Sunday, January 18, 2009

Nathaniel Lord Britton and William Starling Sullivant


Botanist and Taxonomist Nathaniel Lord Britton was born on January 15, 1857 at New Dorp, Staten Island, New York. Britton founded (1891) and served as Director-in-Chief (1895-1929) of the New York Botanical Garden. Among his other botanical accomplishments were publications of such works as The Flora of Bermuda (1918), The Bahama Flora (1920, with Charles F. Millspaugh), The Cactaceae (1924, with Joseph Nelson Rose), and An Illustrated Flora of the Northern United States and Canada (1896-1898, financed by Judge Addison Brown). Britton also began Flora Borinquena (a flora of Puerto Rico), but was not able to finish this work before he passed away in 1934.

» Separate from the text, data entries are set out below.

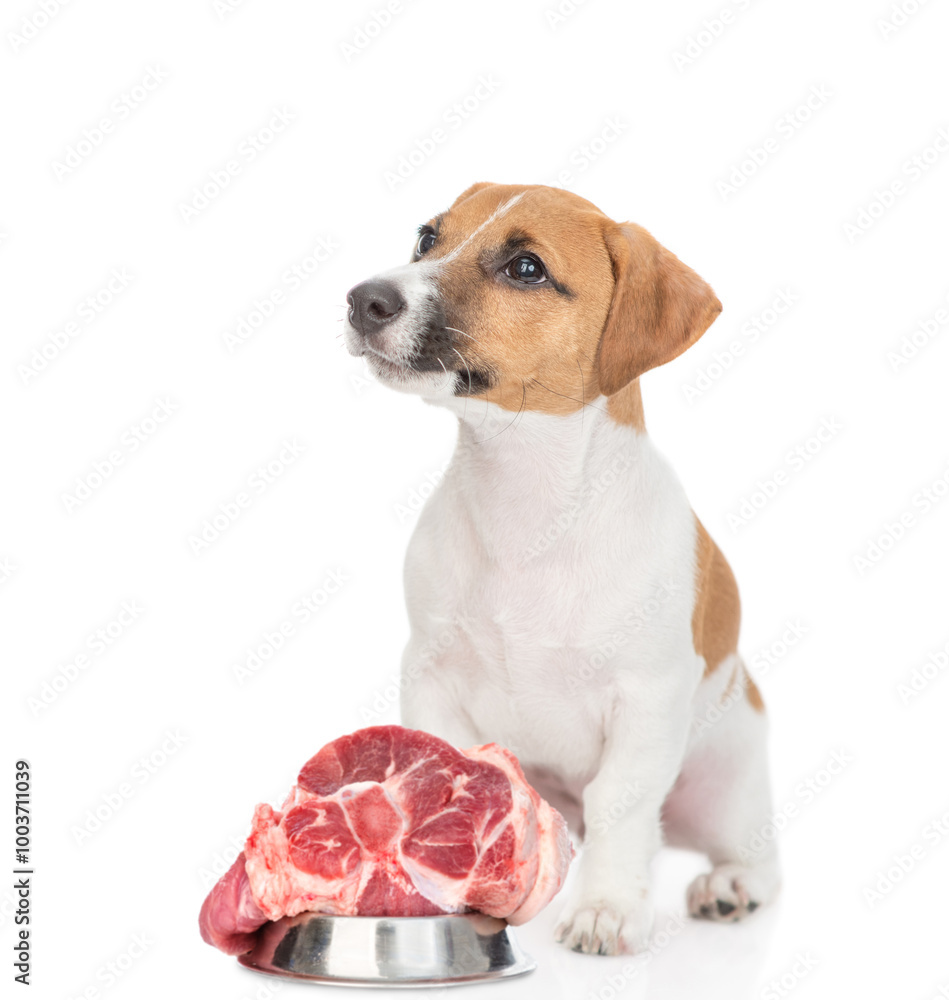 Poster funny jack russell terrier puppy sits with bowl of raw meat and looks away and up on empty space. is
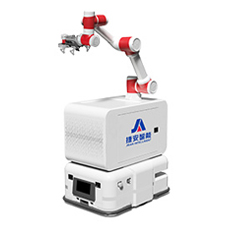 Composite robot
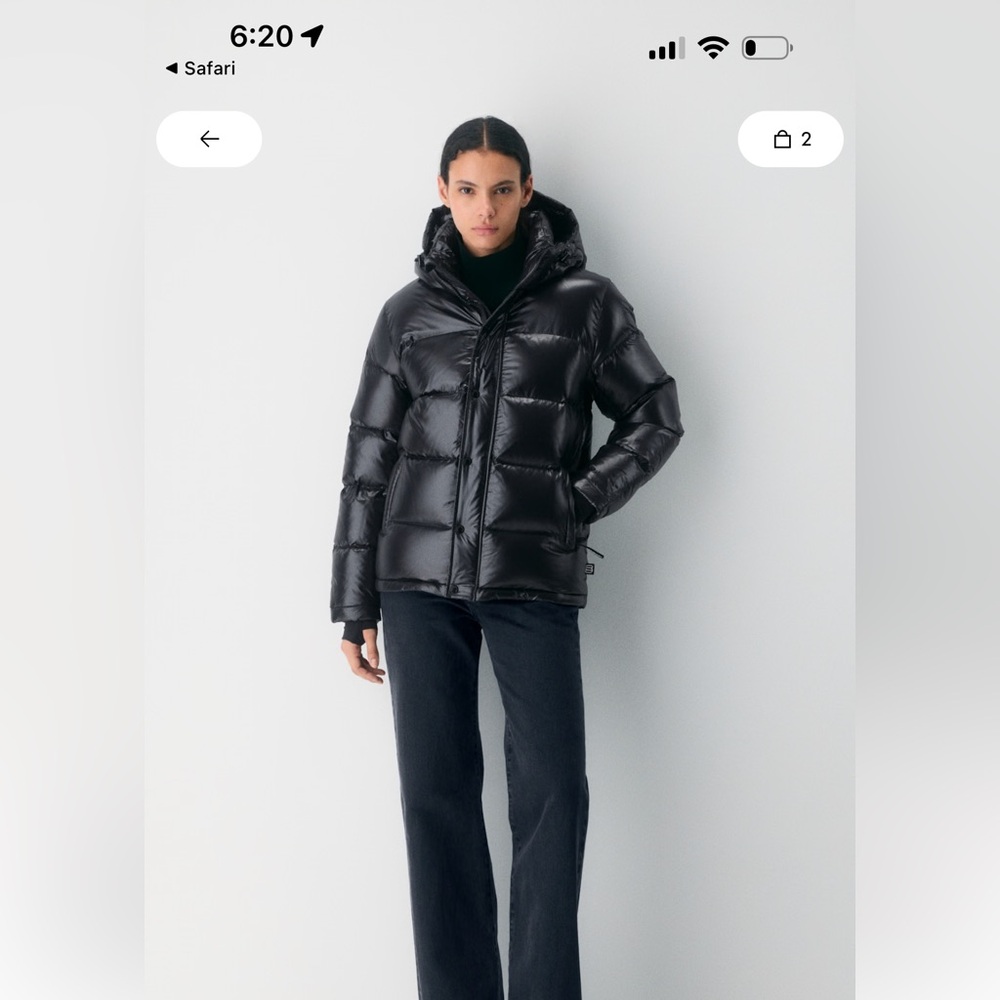 Aritzia Black Puffer Jacket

Botanist, Bryologist, Surveyor, and Engineer William Starling Sullivant was born on January 15, 1803 in Franklinton, Ohio. Sullivant's major contribution in terms of vascular plants was A Catalogue of Plants, Native or Naturalized, in the Vicinity of Columbus, Ohio (1840). After this work, Sullivant turned his focus to mosses. Sullivant published Musci Alleghanienses (1845), Contributions to the Bryology and Hepaticology of North America (1846-1849), The Musci and Hepaticae of the United States East of the Mississippi River (1856), Musci Boreali Americani Exsiccati (1856, with Leo Lesquereux), Musci Cubensis (1860, based on collections by Charles Wright in Cuba), and Icones Muscorum (1864, 1874). The Saxifragaceous plant Sullivantia ohionis (now known as Sullivantia sullivantii) was first discovered by Sullivant in Ohio, and was named for him by Asa Gray and John Torrey; Asclepias sullivantii (Asclepiadaceae) was also named for Sullivant, who discovered it). Sullivant passed away in 1873, before he was able to finish working on bryophyte publications for Venezuela (based on collections by August Fendler) and the North Pacific (based on collections by Charles Wright).